El 27-S es la historia de dos comunidades que conviven pero no se escuchan. Y que van a votar. El 27-S se convierte en la máxima expresión democrática de la incomprensión, de la voluntad de ignorar y del ejercicio libre de la imposición. Una situación a la que se ha llegado con culpas compartidas.

Son ya conocidos los ataques del Partido Popular a los catalanes que le han supuesto bastantes réditos electorales temporales, especialmente en Valencia, Baleares y Madrid. Desde el recurso ante el Tribunal Constitucional para limitar un Estatut aprobado por los catalanes hasta las acometidas para controlar una lengua como el catalán „minoritaria incluso en Cataluña„, junto a la reducción de les inversiones han acabado por configurar una imagen de España que divide y aleja. Una España que no quiere a Cataluña.

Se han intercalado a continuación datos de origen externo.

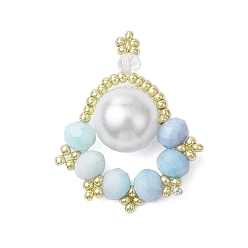 Светло-Голубой Подвески из стеклянных бусин в виде отпечатков лап, с перламутровыми стеклянными бусинами и гальваническими стеклянными бусинами, граненые, Небесно-голубой, 33.5x26.5x12 мм, отверстие : 1.8 мм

Pero los políticos catalanes no están exentos de culpa. Después de años utilizando el tradicional victimismo del que han hecho gala y que siempre ha supuesto una buena fórmula para agitar el árbol y poder recolectar las nueces, ahora han buscado el choque de trenes abiertamente usando las mismas armas, el mismo talante de desprecio, que han mostrado tantas veces los populares contra los catalanes.

No se puede obviar el momento político, a pocas semanas también de unas elecciones generales en las que la izquierda podría volver a gobernar España. Para escurrir el bulto, en Cataluña, las dos derechas, tanto el PP como la lista de Junts pel Sí que lidera Artur Mas, han desplazado el debate a la emotividad: el miedo frente al miedo, la amenaza contra la amenaza. Incluso en aspectos económicos. «Cataluña se hundirá fuera del euro -como ha dicho Merkel, Cameron y Sarkozy-, no podrá pagar pensiones, y corre el riesgo de un corralito», argumentaron los populares. Por su parte, la forma en que los nacionalistas catalanes han afrontado el debate me hizo recordar al hostigamiento que el PP de Zaplana y Camps hizo del gobierno de Rodríguez Zapatero. Con la única voluntad de recabar el máximo de apoyo electoral. Ya he dejado escrito el paralelismo entre Francisco Camps y Artur Mas: Rellenar las listas con famosos -desde presentadores de Canal 9 a deportistas de élite-; apelar al enemigo exterior -entonces en la figura de Zapatero-; amenazar con el freno al desarrollo de un pueblo escogido o incorporar partidos de la oposición a la candidatura de los «buenos» -Unión Valenciana fue absorbido por el PP-. Son múltiples los «dejà vu» valencianos que remiten en este «momento excepcional y único que se vive en Cataluña».

De esta manera se ha dejado de lado el paro, los desahucios e incluso la crisis de los refugiados sirios. Y en la voluntad de ignorar y de imponer determinados silencios también ha quedado orillado el president de la Generalitat Valenciana, Ximo Puig. El nuevo mandatario ha intentado hacer llegar la voz de los socialistas que pretenden una nueva financiación para las comunidades que más están aportando a la caja común. No consiguió ni abrir el debate obvio: ¿un frente unitario entre Cataluña, Valencia y les Illes Balears para negociar una mejor financiación no tiene más posibilidades de prosperar que una independencia?

Con el debate instalado entre la amenaza nihilista y la eterna sordera a uno y otro lado del Ebro, uno se pregunta que sentido tiene el voto de hoy: ¿los catalanes votarán «sí» para iniciar el camino de segregarse del Partido Popular español como desearían la mitad de los españoles? Con todo, seguro que el «procés català» no acaba hoy. Unos y otros han prometido que no van a cambiar. Les cueste lo que les cueste.